[Datetime-SIG] PEP-0500 (Alternative datetime arithmetic) Was: PEP 495 ... is ready ...

Guido van Rossum guido at python.org
Tue Aug 18 19:22:26 CEST 2015


On Tue, Aug 18, 2015 at 8:38 AM, Alexander Belopolsky <
alexander.belopolsky at gmail.com> wrote:

> On Tue, Aug 18, 2015 at 11:07 AM, Guido van Rossum <guido at python.org>
> wrote:
> > PEP 500 allows way more freedom than is needed.
>
> This is right.  With respect to finding elapsed time between two times
> (x and y) expressed as datetime instances, PEP-0500 allow tzinfo
> implementor to provide an arbitrary function of two variables: d(x,
> y), while arguably in most cases d(x, y) = x - f(x) - y + f(y), where
> f is a function of a single variable.  (In terms of current tzinfo
> interface, f is the utcoffset() function.)  In other words, the PEP
> allows arbitrary stretching and shrinking of the time line, while in
> most use cases only cutting and shifting is needed.
>
> However, I don't see this additional freedom as a big complication.
> Even in the common case, it may be easier to implement d(x, y) than to
> figure out f(x).  The problem with f(x) is that it is the UTC offset
> as a function of local time while most TZ database interfaces only
> provide UTC offset as a function of UTC time.  As a result, it is
> often easier to implement d(x, y) (for example, as d(x, y) = g(x) -
> g(y)) than to implement f(x).
>

This  discussion sounds overly abstract. ISTM that d(x, y) in timeline
arithmetic can be computed as x.timestamp() - y.timestamp(), (and
converting to a timedelta). Similar for adding a datetime and a timedelta.
Optimizing this should be  IMO the only question is how should a datetime
object choose between classic arithmetic[1] and timeline arithmetic.
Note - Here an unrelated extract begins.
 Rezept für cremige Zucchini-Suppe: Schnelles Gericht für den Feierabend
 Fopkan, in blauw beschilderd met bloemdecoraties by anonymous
My
proposal here is to make that a boolean property of the tzinfo object -- we
could either use a marker subclass or an attribute whose absence implies
classic arithmetic.

[1] Classic arithmetic is how datetime arithmetic works today, i.e. if you
add 24 hours to 12:00 on the Saturday before a DST transition, the answer
will be 12:00 on Sunday (whereas using timeline arithmetic the answer would
be 11:00 or 13:00 depending on which DST transition you're talking about).